O papel de cavaco - por Pedro Adão e Silva -
O papel de Cavaco
Nas últimas semanas, o Presidente tem estado a desempenhar o seu papel, não tanto o que lhe está consagrado constitucionalmente, mas aquele que definiu para si próprio na encenação em curso. A carta entregue na segunda-feira ao secretário-geral do PS (e não, note-se, a António Costa) tem um conjunto de questões razoáveis, mas também de resposta fácil e uma surpreendente.
O que espanta não é tanto que Cavaco Silva (e não, note-se, o Presidente da República) tenha "dúvidas quanto à estabilidade e à durabilidade de um governo minoritário do Partido Socialista, no horizonte temporal da legislatura" ou que procure garantias quanto ao cumprimento do Orçamento 2016; o que é inusitado é que tenha indigitado Pedro Passos Coelho (e não, note-se, o Presidente do PSD) sem colocar o mesmo tipo de condicionantes. Tanto mais que não se percebe de que forma a solução minoritária PSD/CDS iria garantir a estabilidade ao longo da legislatura - o que, naturalmente, não poderia deixar de contribuir para enervar os sacrossantos mercados.
A carta de Cavaco Silva serve, por isso, no médio prazo, para memória futura e, no curto, para fragilizar politicamente o próximo primeiro-ministro (que lindo contributo dá, portanto, o Presidente - ou será Cavaco Silva? - para acalmar os mercados e defender a imagem.

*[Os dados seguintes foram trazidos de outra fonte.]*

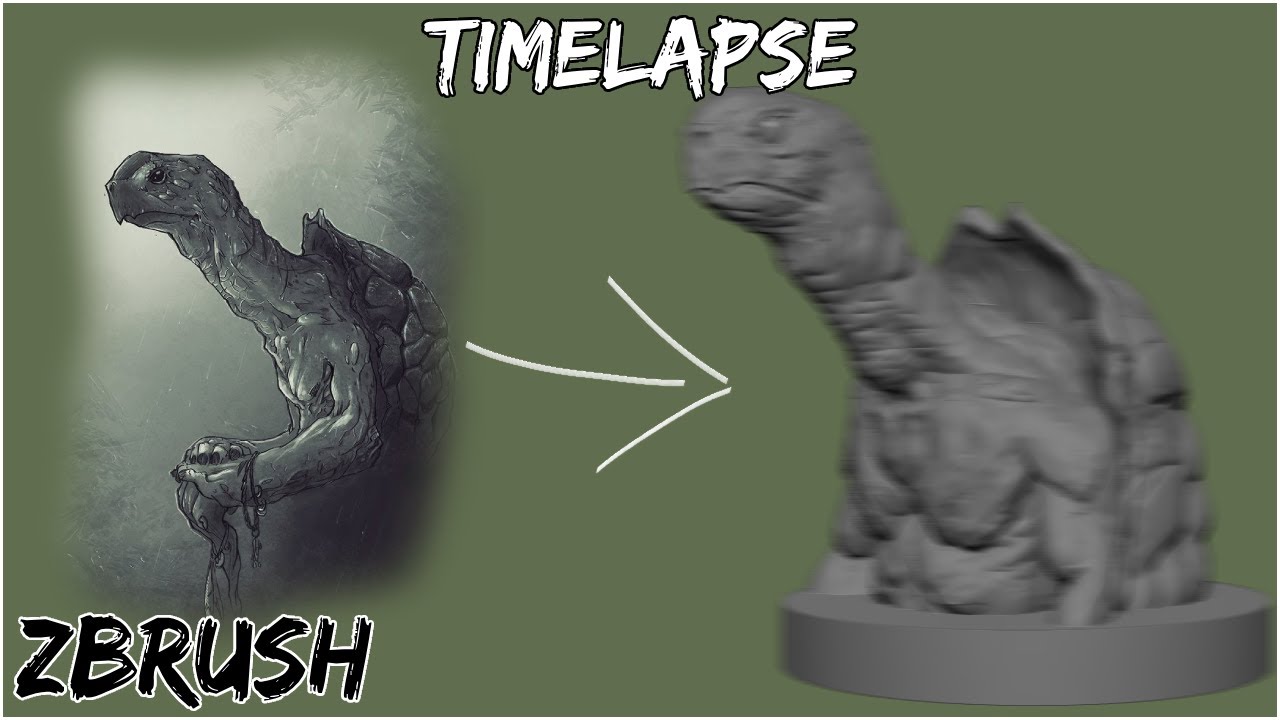 Turtle - Timelapse - YouTube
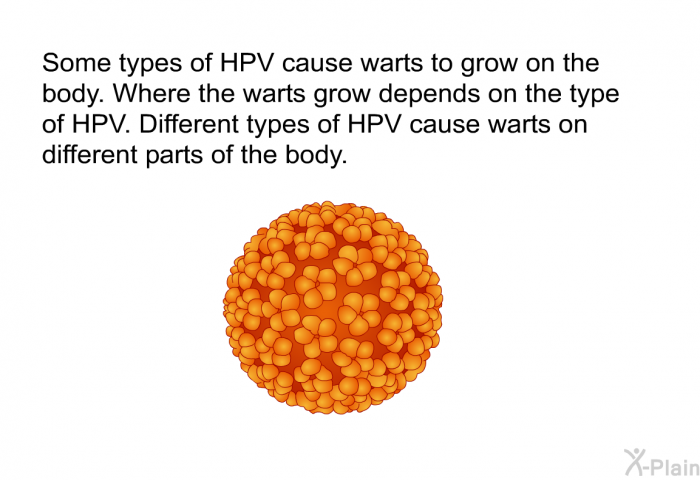 Some types of HPV cause warts to grow on the body. Where the warts grow depends on the type of HPV. Different types of HPV cause warts on different parts of the body.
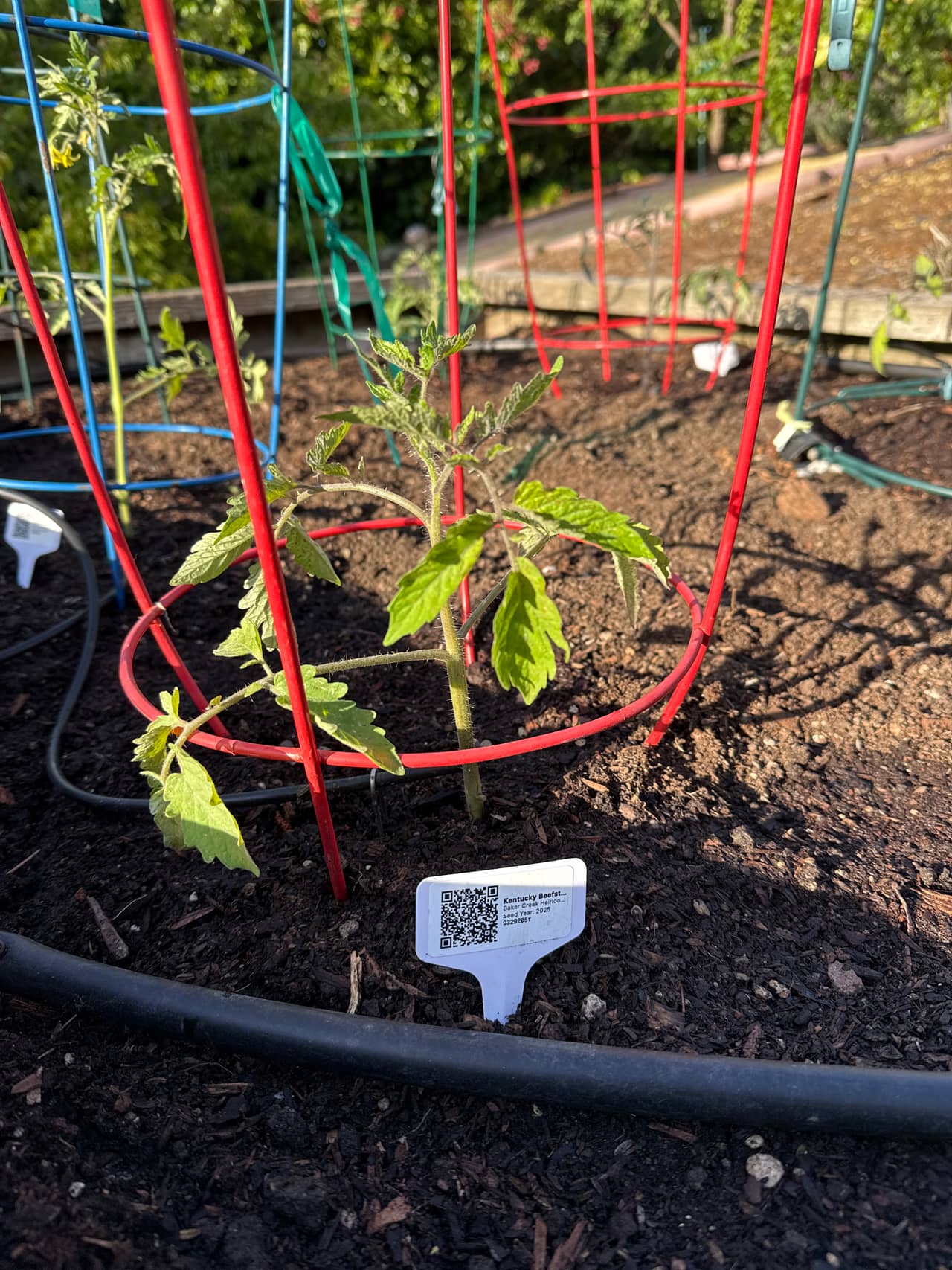 Growing photo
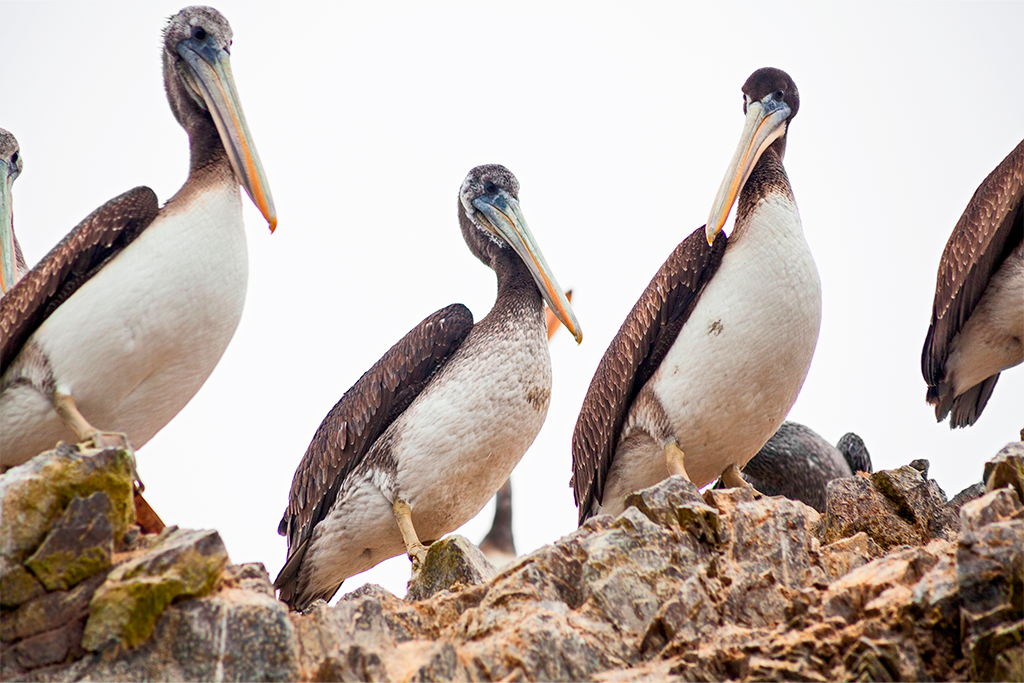 Fauna en Paracas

Onde a carta surpreende mesmo - como, aliás, registou com perspicácia Marcelo Rebelo de Sousa - é na preocupação revelada com a "estabilidade do sistema financeiro". Se bem me recordo, as últimas referências ao tema da parte de responsáveis institucionais foram para enfatizar que tudo era um mar de rosas no sistema financeiro, a saída limpa tinha sido um sucesso, a resolução do caso BES não teria custos para o contribuinte e, há um par de meses, o Estado até lucrava com o empréstimo ao fundo de resolução. Pelos vistos, fomos enganados e o próximo Governo vai ter de lidar com problemas nos bancos. "Estranha" e "insólita" esta preocupação de última hora. Será que a mesma foi transmitida, também, a Pedro Passos Coelho (e não, note-se, ao primeiro-ministro em gestão)?